We spent a few days this winter in New Orleans. My one regret is not staying long enough to taste more of the amazing seafood but that means a return trip is in order.
Spicy New Orleans Style Shrimp is a one-pan, any-night meal loaded with spicy flavor. Don’t limit it to Mardi Gras though. Serve it up anytime you’re craving spicy seafood with rice, some good crusty bread and a few lemon wedges.
If you can’t travel, bring Mardi Gras to you:
In our house, we kick off Fat Tuesday with a pot of strong coffee and a box of fresh Paczki from our favorite bakery. Those lightly glazed jelly filled delicacies are so good they draw lines around the block at most bakeries.
Last year we kicked off Fat Tuesday with Beignets in New Orleans. It was the ideal venue with its historical southern charm, soul-searching jazz music and lively parades.
We tasted everything on repeat from Beignets to gumbo and jambalaya to fiery shrimp; the inspiration for this Spicy New Orleans Style Shrimp recipe.

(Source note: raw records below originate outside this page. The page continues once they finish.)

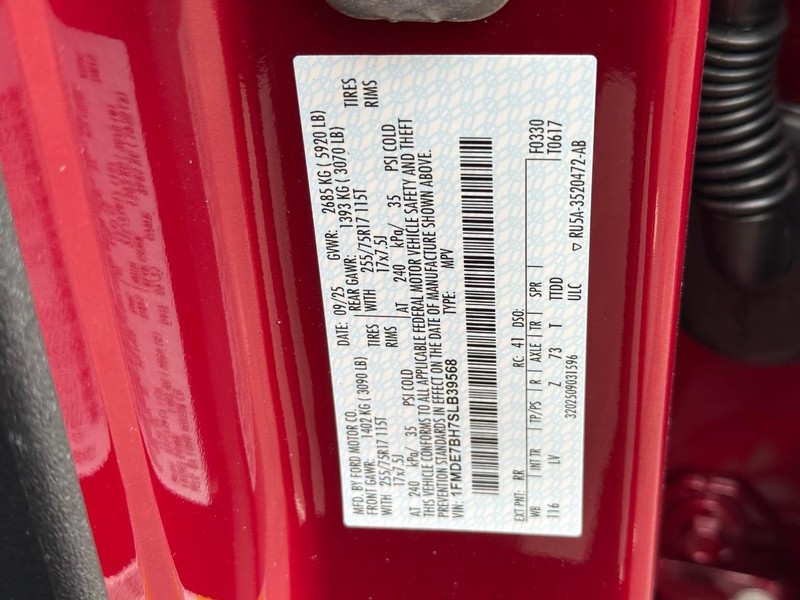 Ford Bronco Vehicle Full-screen Gallery Image 18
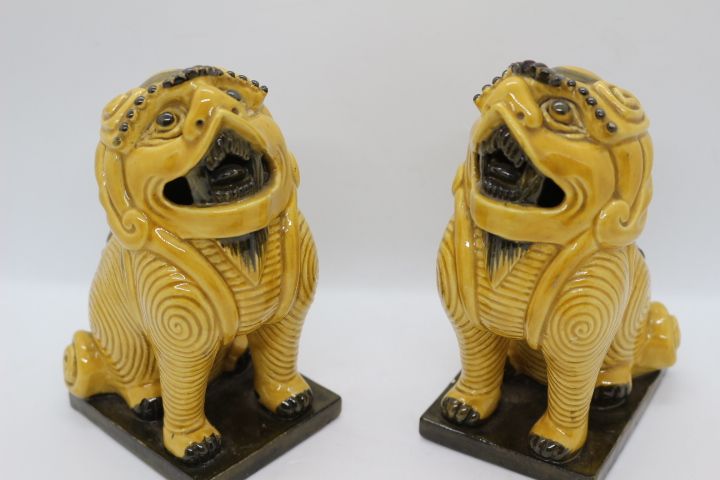 RARO Par de Leões / Cão Foo em Porcelana Chinesa Vidrada XIX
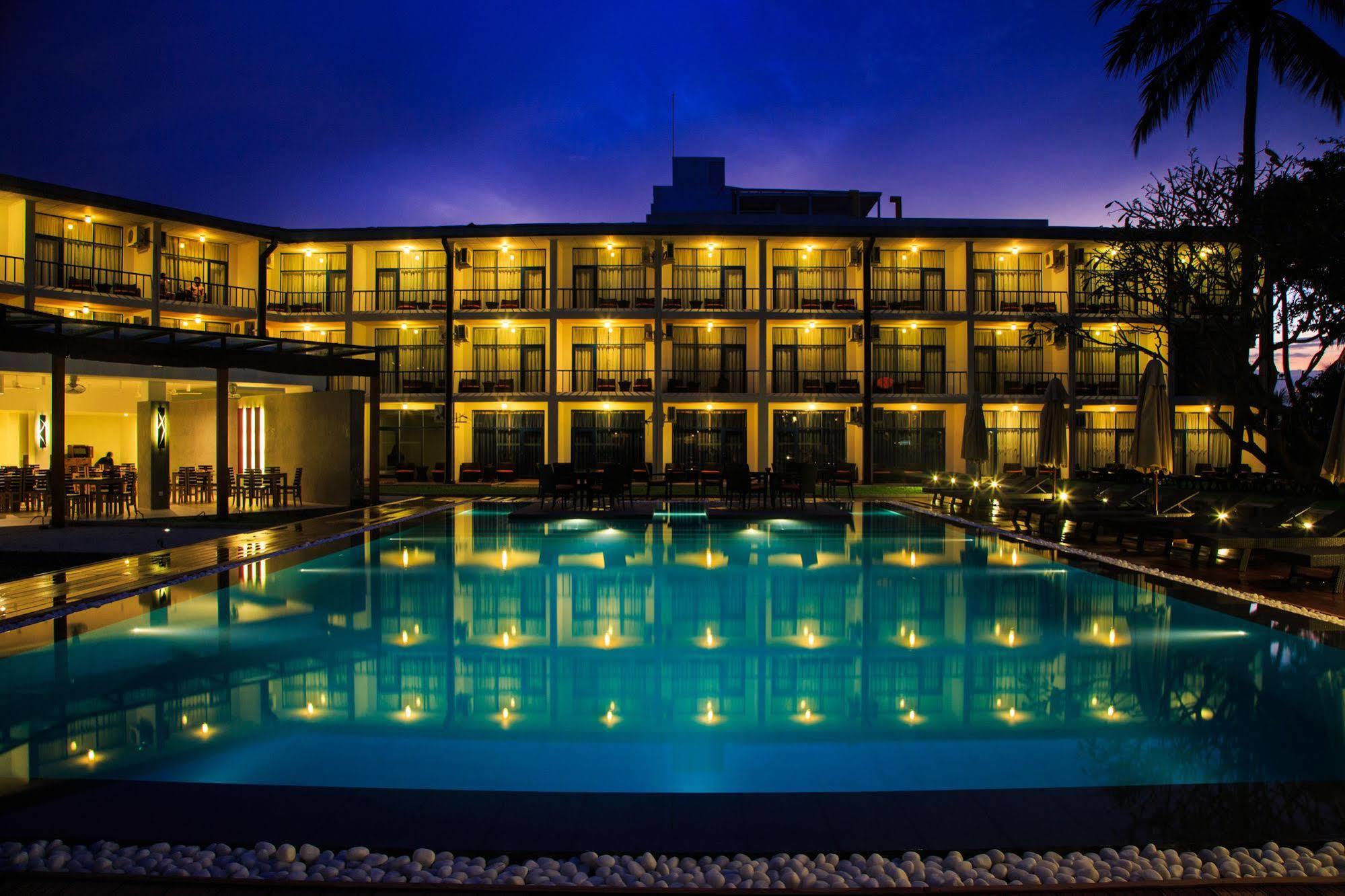 Camelot Beach Hotel Негомбо Екстер'єр фото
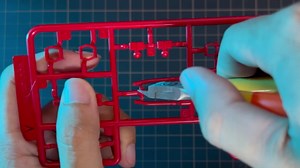 Incredible Assembly of a Highly Detailed Model Warrior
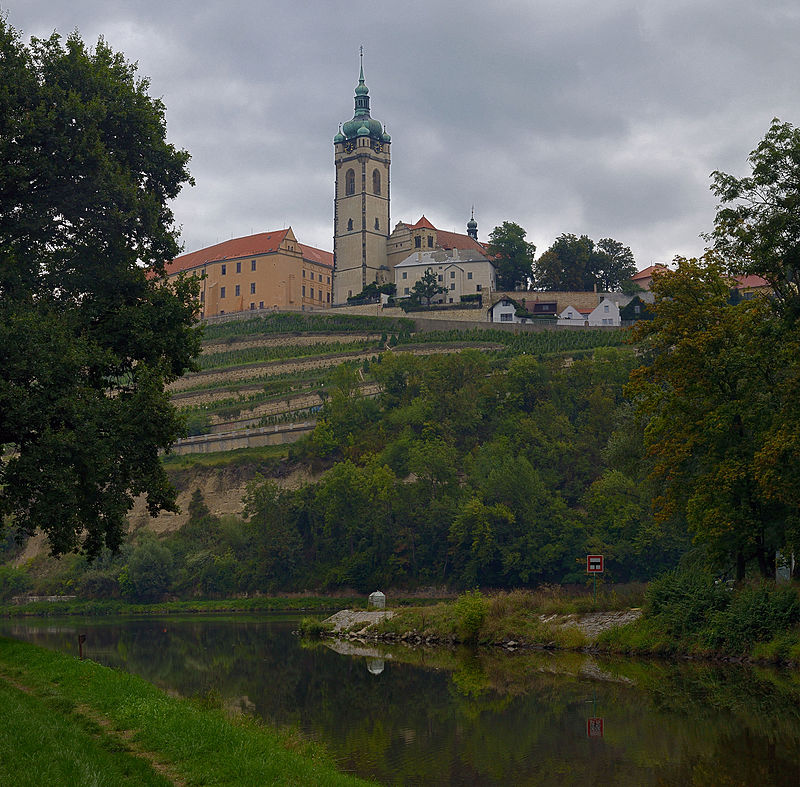 Melnik_castle_above_the_confluence_of_the_rivers_Vltava_and_Labe,_Czech_Republic.JPG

There are a lot of New Orleans style shrimp recipes online but what they all have in common is a good amount of butter and heat. Plenty of heat.
Be sure to serve it with some crusty bread ~ you’ll want to sop up the rest of the sauce even when the shrimp is gone.
Spicy New Orleans Style Shrimp Ingredients:
- olive oil
- large shrimp, peeled and deveined
- salt and pepper to taste
- chili sauce
- Worcestershire sauce
- liquid smoke
- lemon juice plus lemon wedges for serving
- flat parsley
Peel and devein the shrimp then add the remaining ingredients to an ovenproof skillet. Bring the sauce to a boil then reduce the heat and simmer 5-7 minutes. Remove the skillet from the heat and let it cool to room temperature.
Give it a taste and if you prefer more spice, add another dash or two of Tabasco.
Add the shrimp to the sauce, tossing to coat them then cover the skillet and refrigerate 30-60 minutes.
Preheat the oven to 400° and bake the shrimp (uncovered) 8-12 minutes or until the shrimp are slightly opaque.
Serve the shrimp warm over rice or with slices of crusty bread and a few lemon wedges to squeeze over the top. This dish makes a really good any night meal or equally impressive bold-flavored appetizer. The rich, spicy buttery Cajun sauce is slightly messy but worth it.
If you tried this Spicy New Orleans Style Shrimp recipe or any other on the blog, don’t forget to leave a comment or star rating ~ I love hearing from you!
- 1 pound large shrimp peeled and deveined
- 1 tablespoons olive oil
- 3 tablespoons butter, divided
- 2 cloves garlic grated
- 3 tablespoons chili sauce
- 2 teaspoons Cajun seasoning
- 2-3 dashes Tabasco (or more to taste)
- 2 tablespoons Worcestershire sauce
- 1 teaspoon liquid smoke
- 1 whole lemon
- salt and pepper to taste
- 1/4 cup flat leaf parsley
Peel and devein the shrimp.
Add the other ingredients to an ovenproof skillet. Bring to a boil and simmer 5-7 minutes then remove the skillet from the heat and let it cool. Taste and if you'd prefer add another 1-2 dashes of Tabasco.
Add the shrimp to the sauce, stirring to coat them then cover and refrigerate 30-60 minutes.
Preheat oven to 400 degrees the bake the shrimp 8-12 minutes or until the shrimp are slightly opaque.
Serve warm with crusty bread or over rice.